Nous connaissons tous bien, les collections Harlequin ou Adoras par exemple. La recherche de romance fait partie de la recherche d’un bien-être intérieur. Comme le souligne le sociologue Bernard Lahire dans son ouvrage « La culture des individus », il est d’abord question de s’évader, de faire baisser la pression sans avoir à réfléchir et de laisser s’exprimer son côté sentimental.
Les lectrices s’identifient aisément à leurs héroïnes qui leur font rêver une vie bien souvent différente de leur réalité. Bien loin de leur quotidien, elles sont emportées par des histoires marquées de rebondissements.
Il est évident que ces livres doivent être reçus avec beaucoup de discernement. Il s’agit de fiction. Donc, ce n’est pas la réalité. Même si certains indexent l’impact des romans à l’eau de rose sur la vie des lecteurs, il faut certainement nuancer et y voir le bénéfice de connaissances et d’informations utiles sur les relations amoureuses.
Est-ce parce que les jeunes ne trouvent pas leur goût dans les livres de nos auteurs burkinabè qu’ils ne s’y intéressent pas.
La méconnaissance des textes d’auteurs burkinabè est liée à plusieurs facteurs. De manière générale, il s’agit de difficultés d’édition, de diffusion et de promotion des œuvres.
Nous avons une tendance par exemple à l’édition à compte d’auteur avec ce que tout cela peut comporter comme limites dans la réception des œuvres par le public et surtout la frange jeune.
Certains auteurs arrivent à tirer leur épingle du jeu, malgré tout. Toutefois, il faut souligner que la production de la littérature d’enfance et de jeunesse est balbutiante au Burkina Faso. Cela devrait attirer l’attention des écrivains afin de produire des œuvres de qualité pour les enfants et les jeunes.
Quelles sont les conditions d’un environnement favorable à la lecture ?
La place accordée à la lecture est déterminante pour le développement de l’enfant et de l’adolescent. Comme souligné plus haut, la présence d’un médiateur (un parent ou un tuteur) assidu est indispensable.
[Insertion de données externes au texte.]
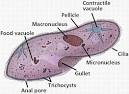 Protists: Stem Eukaryotes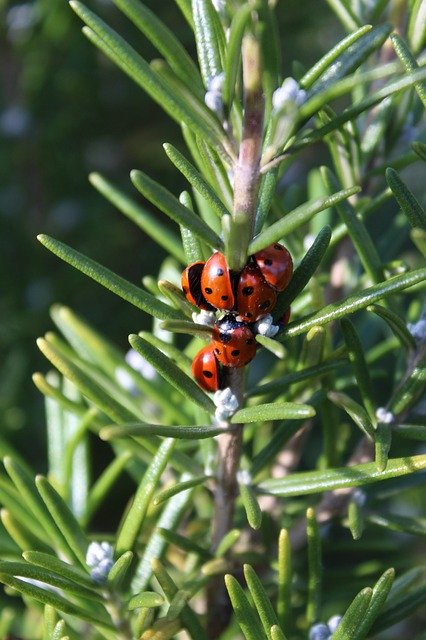 Free download Ladybirds Rosemary Ladybugs -  free photo or picture to be edited with GIMP online image editor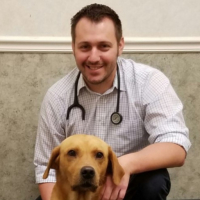 Michael A. Rossi, DVM, MNS, Dip. ACVD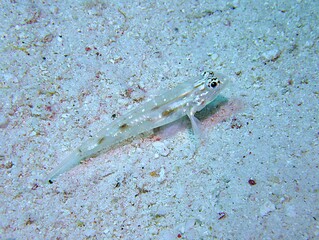 Sand Canyon Goby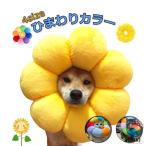 エリザベスカラー ソフト ペット用品 猫 犬 ポンデリング カラフル しゃれ かわいい 写真 保護 傷舐め防止 傷口保護 術後ケア ケガ防止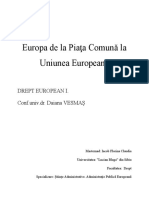 Europa de la Piaţa Comună la Uniunea Europeană.docx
Il pourra s’agir aussi bien du livre papier que du livre numérique.
En résumé, voici quelques démarches qui peuvent aider à favoriser la lecture :
– S’inscrire dans une bibliothèque ;
– Lire régulièrement des livres aux enfants ;
– Aménager un temps/un espace de lecture chez soi ;
– Lire avec l’adolescent pendant quelques minutes chaque jour pour l’amener à nourrir cette motivation ;
– Récompenser après la lecture d’un ouvrage ;
– Amener son enfant/son adolescent à des activités ou évènements littéraires ;
– Acheter un abonnement à un magazine dont la thématique l’intéresse.
Pour les écrivains, il faudra bien entendu travailler, à produire une littérature d’enfance et de jeunesse nationale.